Jessamy, incandescant with rage at her father and determined to track down her horse, goes home to get funds from the empty house. And runs into a would-be burglar, a teen with a flair for language and a bitter voice who tells her to call him Rudd, and his collie mix dog Weaver. The three disguise themselves and leave the city, travelling to a country auction where Peaceable was supposed to be sold.

Jessamy, now posing as Rudd's kid brother Josh, argues endlessly with Rudd, who challenges her rage at her father and her beliefs in general. Rudd's story comes out slowly; like Jessamy, he's poured his love into an animal, the collie mix Weaver. He also ran away, though in his case he was running away from his father, a preacher who was also a drunk.

An unusual horse book in that the horse actually doesn't appear in most of it. It's smart and well-written, and a strong story. It deals with several tough issues - how good, decent people can do horrible, irresponsible things with animals because they just don't think very deeply about them, and how the love of an animal isn't somehow a perversion of what should be love for another person. Although the horse is absent most of the time, it's a loving portrait of the power of the bond they can inspire.

Isabelle Holland


Holland was an American born overseas who didn't live in the U.S. until she was in college. She worked for 25 years in publishing, mostly in publicity, with stints at Lippincott and Putnam. She began to write full-time in 1969, and eventually published over 50 books. Two of her books were made into films, the better-known of which was 1993's The Man Without A Face, in which a disfigured teacher tutors a hen-pecked teenaged boy.

I've included a link to another blog's review of The Man Without A Face, below, despite the complete lack of relevance to this blog, because I find it so interesting that an author whose work repeatedly confronts hard topics went so very weakly vague and indecisive when it came to homosexuality. Also because the Queer YA blog is kind of cool. In one review, the author writes This traditional problem novel manages to be both gruesome and cookie-cutter, which is quite the succinct indictment.

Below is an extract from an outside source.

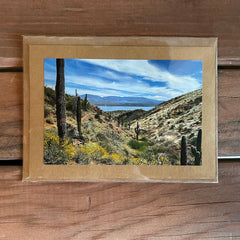 Jenny Lievois - Greeting Card - Roosevelt Lake/Saguaros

Holland's other horse books


Toby The Splendid

The Easter Donkey

Holland's other dog books

The Unfrightened Dark


Peaceable - grey 15.2 gelding

Weaver - black and white border collie mix dog


de Grummond Collection

New York Times obituary
IMDB page

Queer YA - review of The Man Without A Face


AC said...

If Holland shares the upper-class, Anglican, liberal background of the main character in A Horse Named Peaceable, a "vague and indecisive" attitude toward homosexuality would be very typical. Perhaps even cutting edge in 1972. I've never read this book, but the description here reminds me a bit of "A House Like a Lotus" by Madeleine L'Engle (1984-American Episcopalian) and "Pippa Passes" by Rumer Godden (1994!-British convert to Catholicism). In both of these YA novels, a young girl is thrust into adult sexuality by unwelcome advances on the part of an older female mentor (portrayed with a mixture of sympathy and freakish horror). It's been in the back of my mind for awhile to wonder what was up with this preoccupation with same-sex student/teacher relationships. Might be interesting to look into the evolution of theology and politics surrounding homosexuality in liberal Christianity. Well, that is if I was an English major or an M.Div. student looking for a thesis topic.

Sarah said...

True, it's so easy to forget how much attitudes have changed just since 1982. What seems waffling and less than heroic now was probably at the very upper limit of what you could get away with then. Though this whole thing is getting away from horse books :) Maybe I could do a post on horse books with gay characters? Offhand, I can think of two - Susan Juby's "Another Kind Of Cowboy" (which is YA and not the cheesey romance novel it sounds) and Ron Koertge's "Arizona Kid." Though the latter stretches the idea of a horse book a bit.